Upaya tersebut tetap dilakukan meski BI sendiri mengalami gangguan lantaran gedung BI juga terdampak gempa. Terutama di lantai tiga terkait ekonomi moneter dan lantai dua terkait sistem pembayaran tunai dan non-tunai.
"Gedung BI terkena dampak saat terjadi gempa kedua. Dan saat terjadi gempa ketiga, kondisinya menjadi tidak aman untuk bekerja di dalam gedung," tutur Kepala Perwakilan BI Provinsi NTB, Achris Sarwani, dalam kesempatan yang sama.
Lantaran itu, BI pun mendirikan tenda-tenda di halaman gedung sebagai site office. Di tenda-tenda itulah layanan BI terkait sistem pembayaran dan peredaran uang dilakukan. Ketika ada permintaan uang dari perbankan, sejumlah petugas BI masuk ke dalam gedung untuk menyiapkan uang dan hanya dibatasi selama 15 menit, lalu diminta kembali ke luar gedung. Dipandang masih berisiko bagi keselamatan petugasnya, BI pun melakukan secara mobile dengan menempatkan mobil yang biasa digunakan untuk penukaran uang dengan pengamanan sangat ketat, di luar gedung.
Khusus pembayaran non-tunai, kata Achris, tidak terlalu terganggu. Masalahnya, banyak bank tutup lantaran gedung kantornya rusak cukup parah. "Solusinya, kami menyediakan guest bank. Perbankan yang sistem non-tunainya terganggu, bisa datang ke kantor BI menggunakan seperangkat komputer yang sudah disiapkan sehingga transaksi non-tunai bank bersangkutan bisa tetap berjalan," paparnya.

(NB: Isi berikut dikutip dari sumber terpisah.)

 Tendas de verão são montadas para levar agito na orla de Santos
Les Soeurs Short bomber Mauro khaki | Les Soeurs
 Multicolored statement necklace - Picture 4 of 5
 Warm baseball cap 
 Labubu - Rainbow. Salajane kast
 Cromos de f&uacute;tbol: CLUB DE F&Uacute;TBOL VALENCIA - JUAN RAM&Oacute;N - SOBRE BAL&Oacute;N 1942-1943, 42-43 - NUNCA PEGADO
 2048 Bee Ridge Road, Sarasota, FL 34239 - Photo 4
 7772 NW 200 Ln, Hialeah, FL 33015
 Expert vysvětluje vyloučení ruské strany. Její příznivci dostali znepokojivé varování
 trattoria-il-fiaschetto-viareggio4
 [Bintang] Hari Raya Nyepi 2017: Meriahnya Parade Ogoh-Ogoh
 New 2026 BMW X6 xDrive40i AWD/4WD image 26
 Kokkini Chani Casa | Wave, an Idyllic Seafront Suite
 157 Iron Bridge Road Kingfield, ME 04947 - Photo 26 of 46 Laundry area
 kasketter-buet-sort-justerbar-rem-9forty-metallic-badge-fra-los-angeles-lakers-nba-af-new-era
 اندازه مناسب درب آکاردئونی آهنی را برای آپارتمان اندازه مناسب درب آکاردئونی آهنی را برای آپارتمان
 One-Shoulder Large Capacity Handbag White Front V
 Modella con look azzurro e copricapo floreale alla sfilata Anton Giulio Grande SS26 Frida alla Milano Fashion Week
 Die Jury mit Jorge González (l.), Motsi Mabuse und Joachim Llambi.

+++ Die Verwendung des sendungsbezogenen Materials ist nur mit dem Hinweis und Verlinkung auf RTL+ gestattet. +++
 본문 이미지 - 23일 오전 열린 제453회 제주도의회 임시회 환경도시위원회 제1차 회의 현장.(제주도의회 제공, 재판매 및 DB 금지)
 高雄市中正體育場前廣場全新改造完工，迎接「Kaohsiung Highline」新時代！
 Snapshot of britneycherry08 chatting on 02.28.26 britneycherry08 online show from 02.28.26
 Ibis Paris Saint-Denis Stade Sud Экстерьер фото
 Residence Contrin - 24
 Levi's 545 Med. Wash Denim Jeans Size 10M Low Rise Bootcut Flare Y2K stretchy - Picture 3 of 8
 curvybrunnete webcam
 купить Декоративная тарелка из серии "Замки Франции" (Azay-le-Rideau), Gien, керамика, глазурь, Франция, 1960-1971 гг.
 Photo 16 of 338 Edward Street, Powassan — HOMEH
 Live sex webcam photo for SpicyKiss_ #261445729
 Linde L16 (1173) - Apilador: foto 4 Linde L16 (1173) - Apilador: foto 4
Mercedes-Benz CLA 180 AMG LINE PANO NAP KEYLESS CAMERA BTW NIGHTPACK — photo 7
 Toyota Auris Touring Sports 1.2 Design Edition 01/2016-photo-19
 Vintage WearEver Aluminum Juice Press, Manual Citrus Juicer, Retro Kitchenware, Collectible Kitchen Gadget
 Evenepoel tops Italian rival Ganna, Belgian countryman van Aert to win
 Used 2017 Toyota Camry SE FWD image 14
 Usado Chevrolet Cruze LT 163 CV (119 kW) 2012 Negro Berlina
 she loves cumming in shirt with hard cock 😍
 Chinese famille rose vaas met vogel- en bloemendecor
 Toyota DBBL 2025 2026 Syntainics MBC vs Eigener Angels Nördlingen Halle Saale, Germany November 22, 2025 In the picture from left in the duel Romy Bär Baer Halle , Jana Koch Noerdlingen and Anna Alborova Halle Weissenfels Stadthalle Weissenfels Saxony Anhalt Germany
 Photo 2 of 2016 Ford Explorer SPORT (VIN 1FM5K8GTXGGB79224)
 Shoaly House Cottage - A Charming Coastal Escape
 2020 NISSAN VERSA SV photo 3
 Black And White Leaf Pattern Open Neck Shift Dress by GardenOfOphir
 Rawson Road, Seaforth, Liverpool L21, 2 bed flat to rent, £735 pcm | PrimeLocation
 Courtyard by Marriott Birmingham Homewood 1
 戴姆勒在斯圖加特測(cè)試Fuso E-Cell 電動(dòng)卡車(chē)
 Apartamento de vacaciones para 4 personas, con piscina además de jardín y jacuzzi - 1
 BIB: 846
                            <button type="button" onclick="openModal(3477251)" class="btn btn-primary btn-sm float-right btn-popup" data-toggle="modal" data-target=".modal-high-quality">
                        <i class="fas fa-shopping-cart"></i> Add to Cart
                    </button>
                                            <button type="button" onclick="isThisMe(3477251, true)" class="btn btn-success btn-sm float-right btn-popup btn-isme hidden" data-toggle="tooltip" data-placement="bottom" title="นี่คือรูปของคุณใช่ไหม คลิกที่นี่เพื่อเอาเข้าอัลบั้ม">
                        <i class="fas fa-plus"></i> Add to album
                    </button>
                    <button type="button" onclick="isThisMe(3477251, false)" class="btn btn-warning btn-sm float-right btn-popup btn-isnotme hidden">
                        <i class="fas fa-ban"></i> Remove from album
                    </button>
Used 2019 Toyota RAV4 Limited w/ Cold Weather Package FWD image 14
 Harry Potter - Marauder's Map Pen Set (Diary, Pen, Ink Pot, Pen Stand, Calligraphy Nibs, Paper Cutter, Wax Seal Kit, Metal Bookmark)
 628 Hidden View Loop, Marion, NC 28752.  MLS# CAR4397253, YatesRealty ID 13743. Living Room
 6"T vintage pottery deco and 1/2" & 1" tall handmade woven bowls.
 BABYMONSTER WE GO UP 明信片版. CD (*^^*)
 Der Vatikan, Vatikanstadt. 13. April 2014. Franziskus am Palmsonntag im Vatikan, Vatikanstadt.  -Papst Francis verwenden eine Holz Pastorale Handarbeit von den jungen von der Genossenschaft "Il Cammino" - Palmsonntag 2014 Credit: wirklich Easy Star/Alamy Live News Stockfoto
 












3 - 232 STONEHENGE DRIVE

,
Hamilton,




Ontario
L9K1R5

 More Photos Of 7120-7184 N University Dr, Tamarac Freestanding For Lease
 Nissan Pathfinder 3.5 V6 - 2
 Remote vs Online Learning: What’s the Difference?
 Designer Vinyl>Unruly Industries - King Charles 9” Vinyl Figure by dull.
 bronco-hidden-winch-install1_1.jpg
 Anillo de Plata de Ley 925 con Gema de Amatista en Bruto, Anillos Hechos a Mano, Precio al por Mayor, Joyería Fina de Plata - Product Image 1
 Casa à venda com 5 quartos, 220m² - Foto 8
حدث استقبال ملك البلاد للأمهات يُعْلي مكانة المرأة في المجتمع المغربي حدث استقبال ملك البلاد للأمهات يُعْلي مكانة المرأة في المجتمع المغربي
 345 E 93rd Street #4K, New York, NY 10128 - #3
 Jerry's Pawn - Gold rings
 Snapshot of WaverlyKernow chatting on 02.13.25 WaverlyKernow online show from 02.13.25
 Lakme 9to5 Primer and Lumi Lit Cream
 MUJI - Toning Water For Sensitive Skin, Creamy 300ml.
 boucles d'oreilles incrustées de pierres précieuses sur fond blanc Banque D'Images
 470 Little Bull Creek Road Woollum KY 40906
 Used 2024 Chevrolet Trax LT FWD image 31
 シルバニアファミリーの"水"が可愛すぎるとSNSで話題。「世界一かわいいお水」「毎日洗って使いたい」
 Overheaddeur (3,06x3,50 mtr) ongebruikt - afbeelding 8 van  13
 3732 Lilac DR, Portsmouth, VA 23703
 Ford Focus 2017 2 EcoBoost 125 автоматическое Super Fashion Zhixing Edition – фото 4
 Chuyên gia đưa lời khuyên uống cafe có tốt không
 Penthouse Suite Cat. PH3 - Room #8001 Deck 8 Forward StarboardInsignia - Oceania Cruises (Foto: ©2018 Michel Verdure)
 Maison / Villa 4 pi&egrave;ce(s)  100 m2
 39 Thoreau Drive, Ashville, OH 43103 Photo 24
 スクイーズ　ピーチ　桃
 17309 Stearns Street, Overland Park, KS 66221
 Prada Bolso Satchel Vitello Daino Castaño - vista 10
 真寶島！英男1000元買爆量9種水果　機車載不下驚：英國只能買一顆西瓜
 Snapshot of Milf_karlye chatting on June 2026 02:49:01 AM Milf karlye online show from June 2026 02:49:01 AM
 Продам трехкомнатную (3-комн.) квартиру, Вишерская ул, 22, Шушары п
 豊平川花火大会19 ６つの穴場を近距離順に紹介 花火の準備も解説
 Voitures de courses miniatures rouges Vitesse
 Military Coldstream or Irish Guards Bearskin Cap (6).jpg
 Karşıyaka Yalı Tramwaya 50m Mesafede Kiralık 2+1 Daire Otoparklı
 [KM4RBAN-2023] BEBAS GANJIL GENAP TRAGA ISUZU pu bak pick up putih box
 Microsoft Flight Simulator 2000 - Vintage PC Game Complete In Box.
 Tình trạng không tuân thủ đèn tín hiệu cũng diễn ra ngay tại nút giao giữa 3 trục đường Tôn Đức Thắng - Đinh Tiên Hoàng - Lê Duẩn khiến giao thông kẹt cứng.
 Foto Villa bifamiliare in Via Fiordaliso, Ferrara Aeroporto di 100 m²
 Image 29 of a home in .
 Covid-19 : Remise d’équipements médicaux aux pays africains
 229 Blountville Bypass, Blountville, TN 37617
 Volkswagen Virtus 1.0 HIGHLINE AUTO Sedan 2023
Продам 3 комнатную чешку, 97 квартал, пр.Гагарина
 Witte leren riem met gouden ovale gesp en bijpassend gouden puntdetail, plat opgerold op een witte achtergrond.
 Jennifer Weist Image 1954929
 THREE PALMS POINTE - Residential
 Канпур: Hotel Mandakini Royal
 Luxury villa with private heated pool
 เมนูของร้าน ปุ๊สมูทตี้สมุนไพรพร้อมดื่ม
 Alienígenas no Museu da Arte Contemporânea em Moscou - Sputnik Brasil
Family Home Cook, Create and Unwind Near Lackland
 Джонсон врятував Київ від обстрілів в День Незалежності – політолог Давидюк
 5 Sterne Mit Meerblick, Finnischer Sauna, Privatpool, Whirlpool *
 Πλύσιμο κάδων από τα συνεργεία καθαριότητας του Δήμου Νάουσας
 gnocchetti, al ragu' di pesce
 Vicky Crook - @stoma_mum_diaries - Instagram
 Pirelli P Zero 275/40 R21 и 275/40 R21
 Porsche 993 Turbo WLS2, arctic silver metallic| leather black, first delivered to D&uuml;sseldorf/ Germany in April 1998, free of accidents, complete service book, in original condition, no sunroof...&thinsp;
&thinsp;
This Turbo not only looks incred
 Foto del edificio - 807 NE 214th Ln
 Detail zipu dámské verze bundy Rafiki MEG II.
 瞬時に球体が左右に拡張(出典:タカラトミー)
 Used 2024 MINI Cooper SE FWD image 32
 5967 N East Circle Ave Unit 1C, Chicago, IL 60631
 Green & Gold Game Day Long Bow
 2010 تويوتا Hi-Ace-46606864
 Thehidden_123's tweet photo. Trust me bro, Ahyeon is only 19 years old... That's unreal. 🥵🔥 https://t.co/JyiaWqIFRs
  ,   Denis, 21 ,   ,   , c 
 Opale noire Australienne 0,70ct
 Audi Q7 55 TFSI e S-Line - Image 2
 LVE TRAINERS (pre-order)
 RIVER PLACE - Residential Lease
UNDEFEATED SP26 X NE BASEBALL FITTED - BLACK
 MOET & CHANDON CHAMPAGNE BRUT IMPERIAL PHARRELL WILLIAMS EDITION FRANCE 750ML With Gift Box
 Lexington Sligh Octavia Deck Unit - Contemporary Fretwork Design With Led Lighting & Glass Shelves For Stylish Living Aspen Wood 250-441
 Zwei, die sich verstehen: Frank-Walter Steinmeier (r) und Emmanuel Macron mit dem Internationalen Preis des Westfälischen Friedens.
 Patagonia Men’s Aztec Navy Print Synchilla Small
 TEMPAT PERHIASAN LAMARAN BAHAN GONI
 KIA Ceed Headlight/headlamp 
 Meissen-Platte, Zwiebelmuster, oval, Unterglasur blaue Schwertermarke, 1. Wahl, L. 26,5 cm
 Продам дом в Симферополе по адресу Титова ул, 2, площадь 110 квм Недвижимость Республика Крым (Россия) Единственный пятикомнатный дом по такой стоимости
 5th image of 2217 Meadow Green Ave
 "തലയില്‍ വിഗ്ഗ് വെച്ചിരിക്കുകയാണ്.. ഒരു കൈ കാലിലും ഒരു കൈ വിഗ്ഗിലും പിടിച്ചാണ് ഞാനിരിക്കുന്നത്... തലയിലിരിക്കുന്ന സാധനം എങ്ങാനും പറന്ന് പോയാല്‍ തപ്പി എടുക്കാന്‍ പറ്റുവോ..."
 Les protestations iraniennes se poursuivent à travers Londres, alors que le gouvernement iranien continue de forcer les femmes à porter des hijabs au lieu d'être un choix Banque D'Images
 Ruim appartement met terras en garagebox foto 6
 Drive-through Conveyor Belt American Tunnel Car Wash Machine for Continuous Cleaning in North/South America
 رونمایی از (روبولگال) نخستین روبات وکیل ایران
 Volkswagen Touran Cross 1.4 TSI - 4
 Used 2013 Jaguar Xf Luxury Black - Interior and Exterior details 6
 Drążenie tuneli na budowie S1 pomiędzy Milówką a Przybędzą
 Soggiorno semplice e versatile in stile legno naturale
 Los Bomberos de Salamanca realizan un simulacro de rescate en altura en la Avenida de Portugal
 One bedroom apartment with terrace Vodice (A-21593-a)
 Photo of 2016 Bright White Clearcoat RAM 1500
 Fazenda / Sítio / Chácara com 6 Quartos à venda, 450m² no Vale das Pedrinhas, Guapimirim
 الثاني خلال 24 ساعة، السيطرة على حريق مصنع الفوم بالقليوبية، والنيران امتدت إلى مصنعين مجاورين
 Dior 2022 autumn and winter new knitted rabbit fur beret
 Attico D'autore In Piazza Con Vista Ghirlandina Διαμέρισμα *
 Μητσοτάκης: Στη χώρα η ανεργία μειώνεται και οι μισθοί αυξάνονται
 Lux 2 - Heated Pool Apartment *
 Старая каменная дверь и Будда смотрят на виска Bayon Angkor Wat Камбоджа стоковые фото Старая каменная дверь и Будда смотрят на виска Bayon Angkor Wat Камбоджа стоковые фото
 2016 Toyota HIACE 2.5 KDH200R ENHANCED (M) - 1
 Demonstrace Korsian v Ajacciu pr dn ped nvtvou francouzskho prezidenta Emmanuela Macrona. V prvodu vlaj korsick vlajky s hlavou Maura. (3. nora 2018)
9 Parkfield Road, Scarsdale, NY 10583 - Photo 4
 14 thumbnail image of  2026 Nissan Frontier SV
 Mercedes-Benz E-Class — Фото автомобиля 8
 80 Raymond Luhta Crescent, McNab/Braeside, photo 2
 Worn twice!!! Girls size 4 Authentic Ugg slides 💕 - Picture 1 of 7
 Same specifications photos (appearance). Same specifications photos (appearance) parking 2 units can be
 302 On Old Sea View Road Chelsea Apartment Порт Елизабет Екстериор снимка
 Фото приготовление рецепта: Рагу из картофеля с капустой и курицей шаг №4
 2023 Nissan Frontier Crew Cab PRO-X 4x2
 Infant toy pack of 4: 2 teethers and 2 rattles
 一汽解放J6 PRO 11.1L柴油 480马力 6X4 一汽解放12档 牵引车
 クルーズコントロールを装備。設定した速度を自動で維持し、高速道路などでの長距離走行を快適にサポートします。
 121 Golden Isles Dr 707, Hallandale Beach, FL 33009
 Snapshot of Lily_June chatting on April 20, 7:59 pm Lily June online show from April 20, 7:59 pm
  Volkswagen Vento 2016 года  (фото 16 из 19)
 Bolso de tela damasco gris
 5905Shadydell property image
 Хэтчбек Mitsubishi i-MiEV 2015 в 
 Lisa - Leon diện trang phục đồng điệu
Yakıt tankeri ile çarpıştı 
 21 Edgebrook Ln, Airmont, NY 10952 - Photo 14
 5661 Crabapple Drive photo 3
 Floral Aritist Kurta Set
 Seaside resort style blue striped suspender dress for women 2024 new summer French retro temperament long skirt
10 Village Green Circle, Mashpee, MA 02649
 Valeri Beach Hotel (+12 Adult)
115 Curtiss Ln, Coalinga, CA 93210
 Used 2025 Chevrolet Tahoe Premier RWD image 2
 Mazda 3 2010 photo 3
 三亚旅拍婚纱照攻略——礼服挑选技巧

Sejak gempa kedua, diungkapnya, peredaran uang tunai ke masyarakat paling terganggu. "Maka saat itu, kami mengimbau perbankan untuk menjaga agar uang di Anjungan Tunai Mandiri (ATM) tetap mencukupi. "Kita terus berkomunikasi dengan perbankan, jangan sampai ATM kosong. Kalau ATM kosong bisa mengurangi kepercayaan terhadap perbankan. BI siap melayani permintaan tunainya di site office dan mobile tadi. Jangan sampai ada kesan tidak ada uang beredar saat bencana. Kami terus berusaha survive agar perbankan bisa tetap memberikan layanan," sambung Achris.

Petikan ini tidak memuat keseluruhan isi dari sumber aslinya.